- Assigned task
Print the listing below exactly, minus its pictures.

- Exercise material
Start of Block

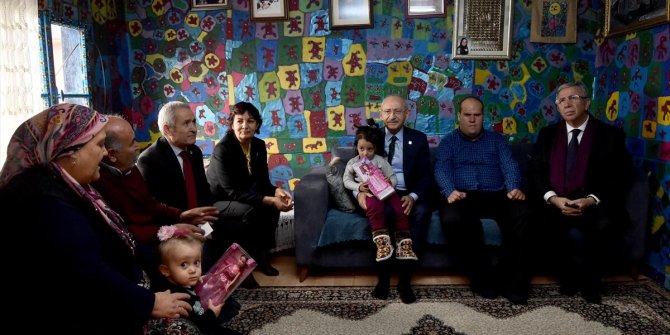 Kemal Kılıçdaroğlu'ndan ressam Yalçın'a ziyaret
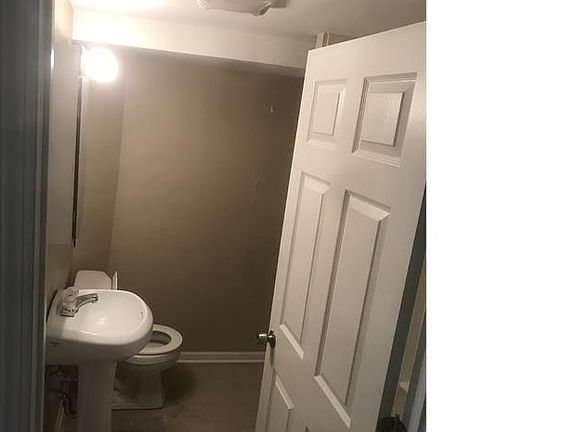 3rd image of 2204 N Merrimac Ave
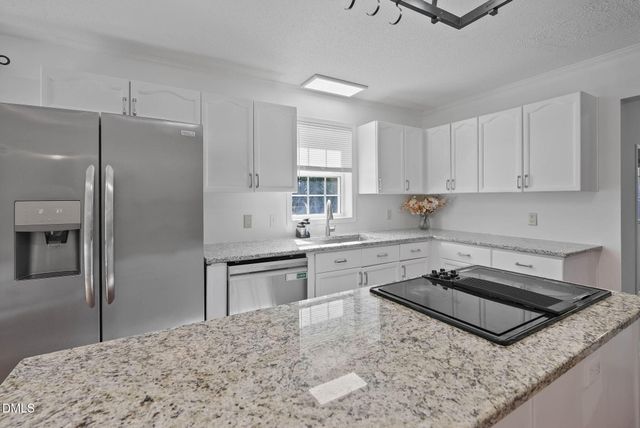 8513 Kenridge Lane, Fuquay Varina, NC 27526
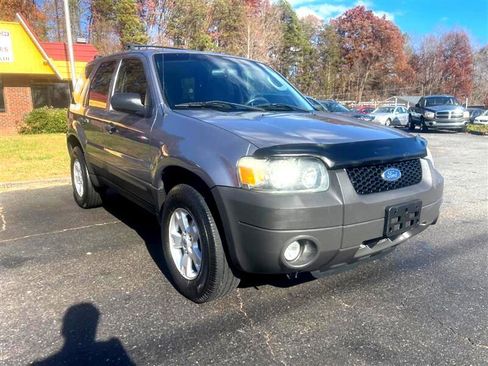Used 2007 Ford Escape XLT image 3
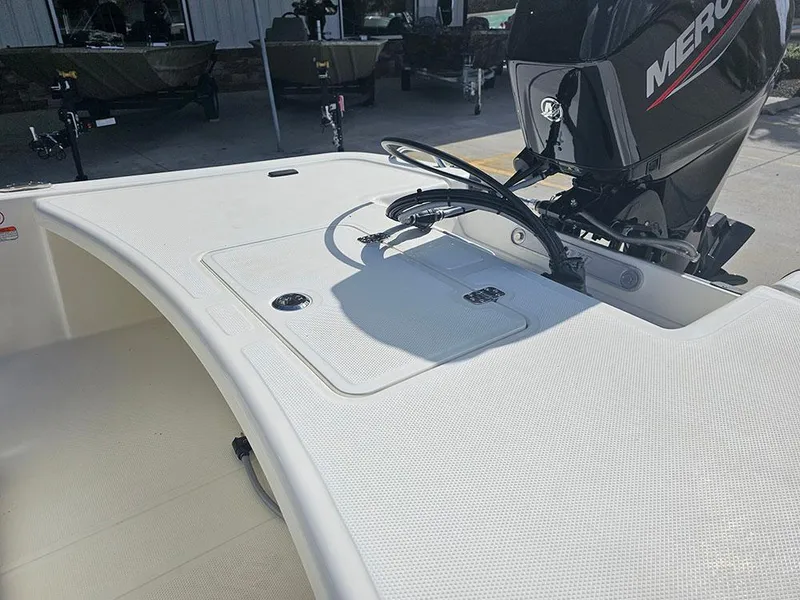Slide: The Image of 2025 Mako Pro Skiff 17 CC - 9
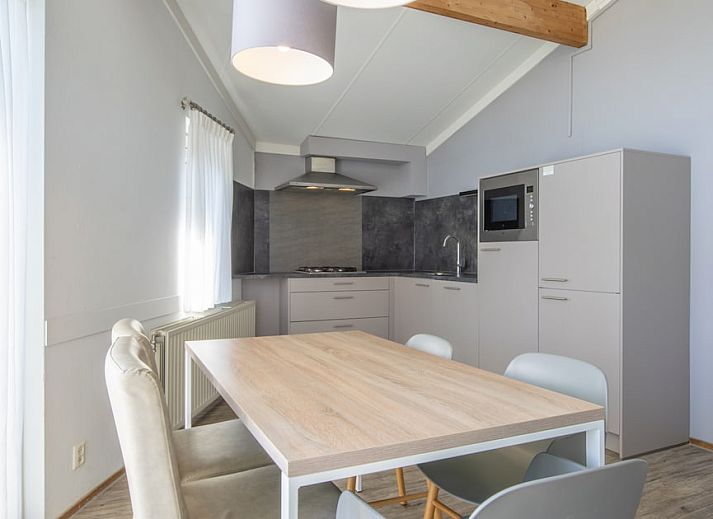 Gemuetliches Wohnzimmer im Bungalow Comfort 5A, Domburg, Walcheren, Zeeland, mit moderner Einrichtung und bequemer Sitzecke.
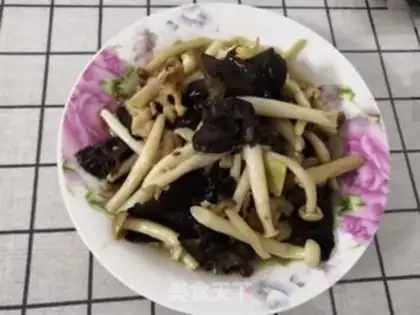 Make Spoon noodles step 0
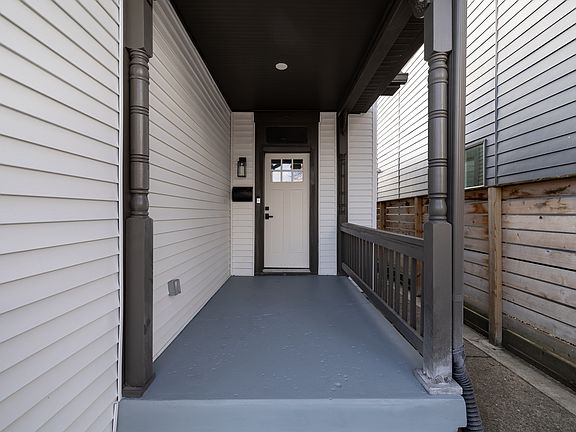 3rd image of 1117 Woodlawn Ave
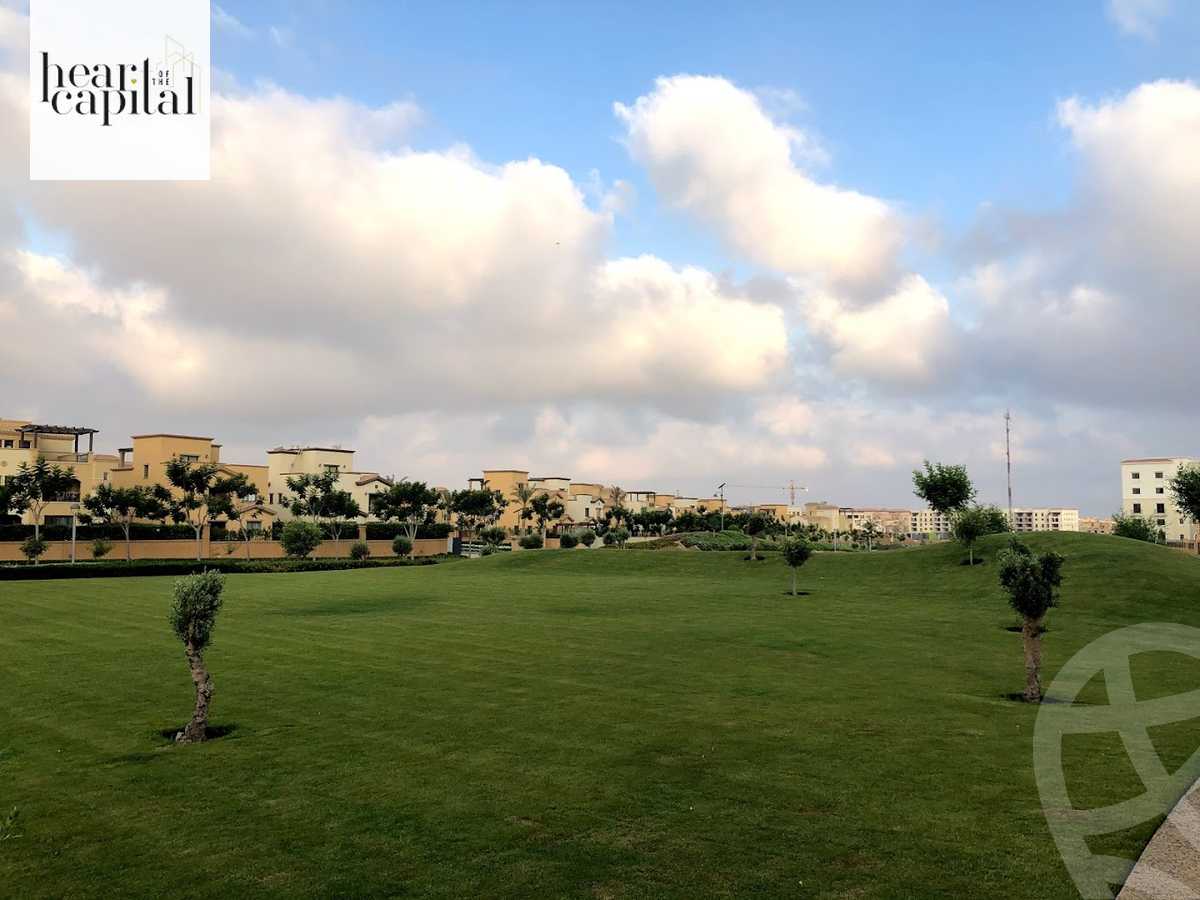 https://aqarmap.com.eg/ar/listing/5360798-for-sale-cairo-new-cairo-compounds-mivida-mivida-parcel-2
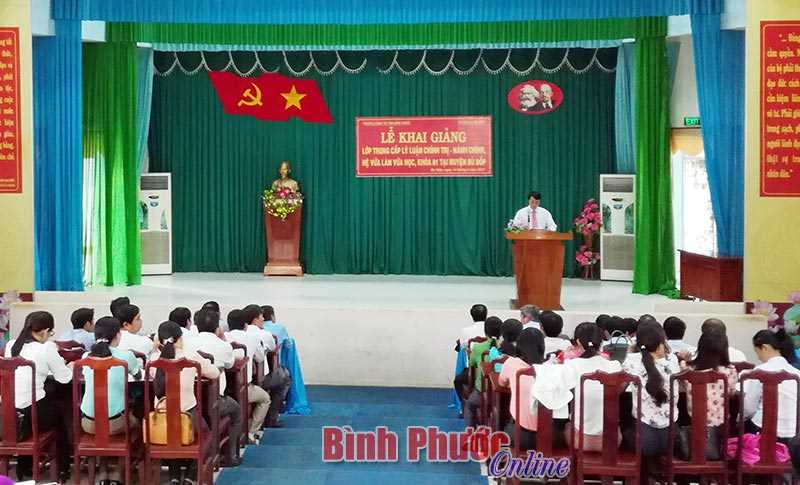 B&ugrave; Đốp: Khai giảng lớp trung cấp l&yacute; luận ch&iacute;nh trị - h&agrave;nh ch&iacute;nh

End of Block

- Answer section
 Kemal Kılıçdaroğlu'ndan ressam Yalçın'a ziyaret
 3rd image of 2204 N Merrimac Ave
 8513 Kenridge Lane, Fuquay Varina, NC 27526
Used 2007 Ford Escape XLT image 3
Slide: The Image of 2025 Mako Pro Skiff 17 CC - 9
 Gemuetliches Wohnzimmer im Bungalow Comfort 5A, Domburg, Walcheren, Zeeland, mit moderner Einrichtung und bequemer Sitzecke.
 Make Spoon noodles step 0
 3rd image of 1117 Woodlawn Ave
 https://aqarmap.com.eg/ar/listing/5360798-for-sale-cairo-new-cairo-compounds-mivida-mivida-parcel-2
 B&ugrave; Đốp: Khai giảng lớp trung cấp l&yacute; luận ch&iacute;nh trị - h&agrave;nh ch&iacute;nh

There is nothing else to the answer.